To investigate this, I have written a small example:
import numpy as np
import timeit
# uint8 array
arr1 = np.random.randint(0, high=256, size=(100, 100), dtype=np.uint8)
# float32 array
arr2 = np.random.rand(100, 100).astype(np.float32)
arr2 *= 255.0
def arrmult(a):
"""
mult, read-write iterator
"""
b = a.copy()
for item in np.nditer(b, op_flags=["readwrite"]):
item[...] = (item + 5) * 0.5
def arrmult2(a):
"""
mult, index iterator
"""
b = a.copy()
for i, j in np.ndindex(b.shape):
b[i, j] = (b[i, j] + 5) * 0.5
def arrmult3(a):
"""
mult, vectorized
"""
b = a.copy()
b = (b + 5) * 0.5
def arrdiv(a):
"""
div, read-write iterator
"""
b = a.copy()
for item in np.nditer(b, op_flags=["readwrite"]):
item[...] = (item + 5) / 2
def arrdiv2(a):
"""
div, index iterator
"""
b = a.copy()
for i, j in np.ndindex(b.shape):
b[i, j] = (b[i, j] + 5) / 2
def arrdiv3(a):
"""
div, vectorized
"""
b = a.copy()
b = (b + 5) / 2
def print_time(name, t):
print("{: <10}: {: >6.4f}s".format(name, t))
timeit_iterations = 100
print("uint8 arrays")
print_time("arrmult", timeit.timeit("arrmult(arr1)", "from __main__ import arrmult, arr1", number=timeit_iterations))
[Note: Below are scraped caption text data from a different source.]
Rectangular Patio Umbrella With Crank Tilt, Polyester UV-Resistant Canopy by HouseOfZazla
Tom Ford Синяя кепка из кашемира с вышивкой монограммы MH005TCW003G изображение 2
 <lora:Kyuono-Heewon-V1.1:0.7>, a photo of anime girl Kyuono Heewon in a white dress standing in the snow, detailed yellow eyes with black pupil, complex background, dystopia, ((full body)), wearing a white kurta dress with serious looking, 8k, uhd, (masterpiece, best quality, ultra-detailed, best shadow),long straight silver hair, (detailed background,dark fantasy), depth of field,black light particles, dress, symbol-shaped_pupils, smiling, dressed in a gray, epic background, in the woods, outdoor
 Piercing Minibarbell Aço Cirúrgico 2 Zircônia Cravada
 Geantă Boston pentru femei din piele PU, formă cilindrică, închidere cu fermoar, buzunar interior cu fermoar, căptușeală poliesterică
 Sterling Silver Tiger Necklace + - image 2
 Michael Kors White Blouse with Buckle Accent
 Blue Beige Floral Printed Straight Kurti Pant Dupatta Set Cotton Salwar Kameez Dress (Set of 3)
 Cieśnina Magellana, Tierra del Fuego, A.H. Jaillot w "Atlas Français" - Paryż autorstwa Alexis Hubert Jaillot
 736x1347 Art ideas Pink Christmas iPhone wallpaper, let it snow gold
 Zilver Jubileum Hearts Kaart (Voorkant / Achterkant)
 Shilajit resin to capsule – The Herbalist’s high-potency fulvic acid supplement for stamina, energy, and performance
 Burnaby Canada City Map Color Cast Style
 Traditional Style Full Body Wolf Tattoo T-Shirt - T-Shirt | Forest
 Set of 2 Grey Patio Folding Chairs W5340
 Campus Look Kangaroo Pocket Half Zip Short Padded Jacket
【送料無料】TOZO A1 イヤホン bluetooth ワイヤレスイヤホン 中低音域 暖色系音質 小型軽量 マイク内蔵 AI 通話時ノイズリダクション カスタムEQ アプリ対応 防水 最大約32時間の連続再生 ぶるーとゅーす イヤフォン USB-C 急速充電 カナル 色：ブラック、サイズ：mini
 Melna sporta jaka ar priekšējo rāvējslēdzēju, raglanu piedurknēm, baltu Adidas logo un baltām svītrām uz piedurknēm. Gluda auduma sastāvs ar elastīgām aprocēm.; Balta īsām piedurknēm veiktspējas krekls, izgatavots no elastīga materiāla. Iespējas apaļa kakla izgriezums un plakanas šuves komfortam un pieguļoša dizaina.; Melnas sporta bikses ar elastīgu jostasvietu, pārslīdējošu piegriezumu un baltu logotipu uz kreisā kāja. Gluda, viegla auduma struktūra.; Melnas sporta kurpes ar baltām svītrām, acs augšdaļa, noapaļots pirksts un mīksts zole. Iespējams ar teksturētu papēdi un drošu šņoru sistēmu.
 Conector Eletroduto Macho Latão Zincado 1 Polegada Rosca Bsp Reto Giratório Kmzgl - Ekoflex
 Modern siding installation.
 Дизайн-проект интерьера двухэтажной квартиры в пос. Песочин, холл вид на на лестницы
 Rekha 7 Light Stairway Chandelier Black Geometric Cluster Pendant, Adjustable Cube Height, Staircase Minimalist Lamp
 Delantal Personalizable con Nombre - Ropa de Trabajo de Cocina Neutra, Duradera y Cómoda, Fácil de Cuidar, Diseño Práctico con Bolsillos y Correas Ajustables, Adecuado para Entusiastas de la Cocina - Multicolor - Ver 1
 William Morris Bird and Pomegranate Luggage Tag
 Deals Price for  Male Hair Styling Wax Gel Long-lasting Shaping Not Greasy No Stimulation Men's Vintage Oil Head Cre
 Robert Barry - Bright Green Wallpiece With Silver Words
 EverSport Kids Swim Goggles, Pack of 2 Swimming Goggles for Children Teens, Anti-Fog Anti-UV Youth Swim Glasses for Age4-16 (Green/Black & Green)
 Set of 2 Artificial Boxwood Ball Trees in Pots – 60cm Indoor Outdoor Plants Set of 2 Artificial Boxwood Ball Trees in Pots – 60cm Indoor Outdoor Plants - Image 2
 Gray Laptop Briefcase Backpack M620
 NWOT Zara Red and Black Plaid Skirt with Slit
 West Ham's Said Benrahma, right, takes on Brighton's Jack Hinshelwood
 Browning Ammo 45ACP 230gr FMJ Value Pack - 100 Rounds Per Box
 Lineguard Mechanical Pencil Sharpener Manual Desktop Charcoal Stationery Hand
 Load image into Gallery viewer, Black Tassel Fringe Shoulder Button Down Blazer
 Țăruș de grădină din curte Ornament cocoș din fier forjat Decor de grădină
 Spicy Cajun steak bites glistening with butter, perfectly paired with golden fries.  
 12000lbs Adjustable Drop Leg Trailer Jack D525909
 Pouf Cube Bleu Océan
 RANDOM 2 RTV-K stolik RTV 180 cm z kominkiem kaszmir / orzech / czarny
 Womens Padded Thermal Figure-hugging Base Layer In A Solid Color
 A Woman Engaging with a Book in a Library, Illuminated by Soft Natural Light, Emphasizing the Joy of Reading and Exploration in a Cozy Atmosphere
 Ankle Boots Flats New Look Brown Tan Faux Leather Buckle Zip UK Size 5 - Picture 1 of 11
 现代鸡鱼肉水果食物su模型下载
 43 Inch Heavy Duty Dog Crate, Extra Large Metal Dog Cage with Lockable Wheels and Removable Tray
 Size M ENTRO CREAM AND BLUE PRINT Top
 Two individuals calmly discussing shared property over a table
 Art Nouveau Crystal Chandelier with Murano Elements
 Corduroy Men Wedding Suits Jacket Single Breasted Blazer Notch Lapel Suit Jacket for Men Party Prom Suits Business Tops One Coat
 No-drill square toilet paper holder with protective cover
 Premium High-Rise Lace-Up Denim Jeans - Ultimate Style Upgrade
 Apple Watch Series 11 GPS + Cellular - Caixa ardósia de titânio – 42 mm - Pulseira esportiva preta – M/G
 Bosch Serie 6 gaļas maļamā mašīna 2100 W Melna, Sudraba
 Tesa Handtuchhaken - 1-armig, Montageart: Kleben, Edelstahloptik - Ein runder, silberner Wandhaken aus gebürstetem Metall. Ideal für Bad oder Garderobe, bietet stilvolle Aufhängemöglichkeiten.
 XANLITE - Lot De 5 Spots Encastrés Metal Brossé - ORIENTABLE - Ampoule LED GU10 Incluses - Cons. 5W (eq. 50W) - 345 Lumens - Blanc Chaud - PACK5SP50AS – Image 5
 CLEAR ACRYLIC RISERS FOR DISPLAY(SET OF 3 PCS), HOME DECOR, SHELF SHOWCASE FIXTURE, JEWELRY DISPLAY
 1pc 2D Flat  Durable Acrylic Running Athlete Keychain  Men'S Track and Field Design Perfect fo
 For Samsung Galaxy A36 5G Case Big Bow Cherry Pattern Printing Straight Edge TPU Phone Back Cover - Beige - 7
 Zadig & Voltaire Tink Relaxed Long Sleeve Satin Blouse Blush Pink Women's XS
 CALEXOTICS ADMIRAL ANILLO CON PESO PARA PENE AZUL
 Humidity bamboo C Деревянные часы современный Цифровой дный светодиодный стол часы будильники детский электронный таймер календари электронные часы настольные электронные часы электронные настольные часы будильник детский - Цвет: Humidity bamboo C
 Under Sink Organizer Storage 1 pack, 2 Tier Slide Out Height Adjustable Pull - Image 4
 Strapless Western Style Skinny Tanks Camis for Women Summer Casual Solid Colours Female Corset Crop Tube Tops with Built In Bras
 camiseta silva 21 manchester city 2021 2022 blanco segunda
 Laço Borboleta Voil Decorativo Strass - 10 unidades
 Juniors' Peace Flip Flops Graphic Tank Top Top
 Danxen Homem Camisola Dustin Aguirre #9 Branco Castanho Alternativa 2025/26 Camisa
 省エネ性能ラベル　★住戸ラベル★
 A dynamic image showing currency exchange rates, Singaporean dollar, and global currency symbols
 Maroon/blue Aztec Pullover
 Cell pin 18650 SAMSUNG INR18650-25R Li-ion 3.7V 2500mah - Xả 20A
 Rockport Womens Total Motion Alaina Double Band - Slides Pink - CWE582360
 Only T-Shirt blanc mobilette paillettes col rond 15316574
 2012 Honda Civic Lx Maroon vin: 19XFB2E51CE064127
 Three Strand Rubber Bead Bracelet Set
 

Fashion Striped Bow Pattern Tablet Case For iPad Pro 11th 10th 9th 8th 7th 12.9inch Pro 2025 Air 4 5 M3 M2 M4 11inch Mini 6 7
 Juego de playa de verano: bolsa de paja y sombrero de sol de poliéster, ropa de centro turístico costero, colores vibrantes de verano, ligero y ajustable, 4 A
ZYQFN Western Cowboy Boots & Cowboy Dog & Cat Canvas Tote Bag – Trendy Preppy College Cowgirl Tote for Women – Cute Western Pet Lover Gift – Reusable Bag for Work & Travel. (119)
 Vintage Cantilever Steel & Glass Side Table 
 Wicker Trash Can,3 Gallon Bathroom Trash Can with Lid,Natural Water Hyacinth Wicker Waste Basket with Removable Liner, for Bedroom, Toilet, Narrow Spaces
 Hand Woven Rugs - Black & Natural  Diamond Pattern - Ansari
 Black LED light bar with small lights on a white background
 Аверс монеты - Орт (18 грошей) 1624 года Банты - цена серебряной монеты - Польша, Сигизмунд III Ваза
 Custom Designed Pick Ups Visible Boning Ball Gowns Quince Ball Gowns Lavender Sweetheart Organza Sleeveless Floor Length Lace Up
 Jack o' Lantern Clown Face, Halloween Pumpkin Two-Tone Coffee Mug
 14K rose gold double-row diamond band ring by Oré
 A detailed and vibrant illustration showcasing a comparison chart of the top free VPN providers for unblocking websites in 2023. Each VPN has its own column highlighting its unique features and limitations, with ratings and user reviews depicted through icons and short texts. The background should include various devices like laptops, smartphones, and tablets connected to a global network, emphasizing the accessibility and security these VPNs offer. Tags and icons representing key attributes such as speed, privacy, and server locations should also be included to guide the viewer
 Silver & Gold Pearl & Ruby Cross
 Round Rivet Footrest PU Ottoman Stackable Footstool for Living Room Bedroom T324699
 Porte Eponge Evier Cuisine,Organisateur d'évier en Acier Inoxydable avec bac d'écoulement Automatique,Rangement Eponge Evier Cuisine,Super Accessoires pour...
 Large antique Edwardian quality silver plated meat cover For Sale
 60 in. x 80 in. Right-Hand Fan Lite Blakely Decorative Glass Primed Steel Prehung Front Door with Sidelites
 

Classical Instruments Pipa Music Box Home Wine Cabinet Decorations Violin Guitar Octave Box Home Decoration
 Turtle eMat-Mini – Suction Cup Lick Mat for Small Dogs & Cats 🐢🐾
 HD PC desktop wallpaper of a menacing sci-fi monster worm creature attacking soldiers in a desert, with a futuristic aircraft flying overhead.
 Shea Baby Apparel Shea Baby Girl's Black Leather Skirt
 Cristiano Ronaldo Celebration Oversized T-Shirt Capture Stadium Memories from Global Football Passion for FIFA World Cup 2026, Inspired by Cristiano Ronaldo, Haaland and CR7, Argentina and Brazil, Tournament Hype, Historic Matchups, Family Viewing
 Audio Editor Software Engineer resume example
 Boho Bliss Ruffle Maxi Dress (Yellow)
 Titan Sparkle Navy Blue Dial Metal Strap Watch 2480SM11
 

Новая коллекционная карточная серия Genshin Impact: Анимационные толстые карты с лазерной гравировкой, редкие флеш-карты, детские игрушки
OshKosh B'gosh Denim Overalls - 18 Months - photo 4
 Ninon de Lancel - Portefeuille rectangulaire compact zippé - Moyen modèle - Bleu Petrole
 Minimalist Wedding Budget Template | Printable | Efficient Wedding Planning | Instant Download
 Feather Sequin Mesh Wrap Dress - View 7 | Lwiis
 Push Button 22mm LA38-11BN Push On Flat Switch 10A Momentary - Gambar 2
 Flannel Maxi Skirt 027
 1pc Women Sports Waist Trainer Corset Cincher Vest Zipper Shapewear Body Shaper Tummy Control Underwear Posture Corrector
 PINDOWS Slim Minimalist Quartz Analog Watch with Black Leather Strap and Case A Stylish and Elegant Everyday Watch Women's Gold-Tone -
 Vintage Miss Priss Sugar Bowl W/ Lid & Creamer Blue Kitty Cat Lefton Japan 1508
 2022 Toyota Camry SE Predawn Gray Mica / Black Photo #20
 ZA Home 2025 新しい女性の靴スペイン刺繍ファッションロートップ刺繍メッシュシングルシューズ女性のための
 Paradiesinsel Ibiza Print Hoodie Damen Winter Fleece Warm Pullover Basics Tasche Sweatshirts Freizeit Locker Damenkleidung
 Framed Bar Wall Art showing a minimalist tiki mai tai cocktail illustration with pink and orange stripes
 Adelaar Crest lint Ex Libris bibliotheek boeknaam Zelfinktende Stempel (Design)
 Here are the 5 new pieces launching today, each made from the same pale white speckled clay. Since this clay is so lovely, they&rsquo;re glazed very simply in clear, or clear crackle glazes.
print_time("arrmult2", timeit.timeit("arrmult2(arr1)", "from __main__ import arrmult2, arr1", number=timeit_iterations))
print_time("arrmult3", timeit.timeit("arrmult3(arr1)", "from __main__ import arrmult3, arr1", number=timeit_iterations))
print_time("arrdiv", timeit.timeit("arrdiv(arr1)", "from __main__ import arrdiv, arr1", number=timeit_iterations))
print_time("arrdiv2", timeit.timeit("arrdiv2(arr1)", "from __main__ import arrdiv2, arr1", number=timeit_iterations))
print_time("arrdiv3", timeit.timeit("arrdiv3(arr1)", "from __main__ import arrdiv3, arr1", number=timeit_iterations))
print("\nfloat32 arrays")
print_time("arrmult", timeit.timeit("arrmult(arr2)", "from __main__ import arrmult, arr2", number=timeit_iterations))
print_time("arrmult2", timeit.timeit("arrmult2(arr2)", "from __main__ import arrmult2, arr2", number=timeit_iterations))
print_time("arrmult3", timeit.timeit("arrmult3(arr2)", "from __main__ import arrmult3, arr2", number=timeit_iterations))
print_time("arrdiv", timeit.timeit("arrdiv(arr2)", "from __main__ import arrdiv, arr2", number=timeit_iterations))
print_time("arrdiv2", timeit.timeit("arrdiv2(arr2)", "from __main__ import arrdiv2, arr2", number=timeit_iterations))
print_time("arrdiv3", timeit.timeit("arrdiv3(arr2)", "from __main__ import arrdiv3, arr2", number=timeit_iterations))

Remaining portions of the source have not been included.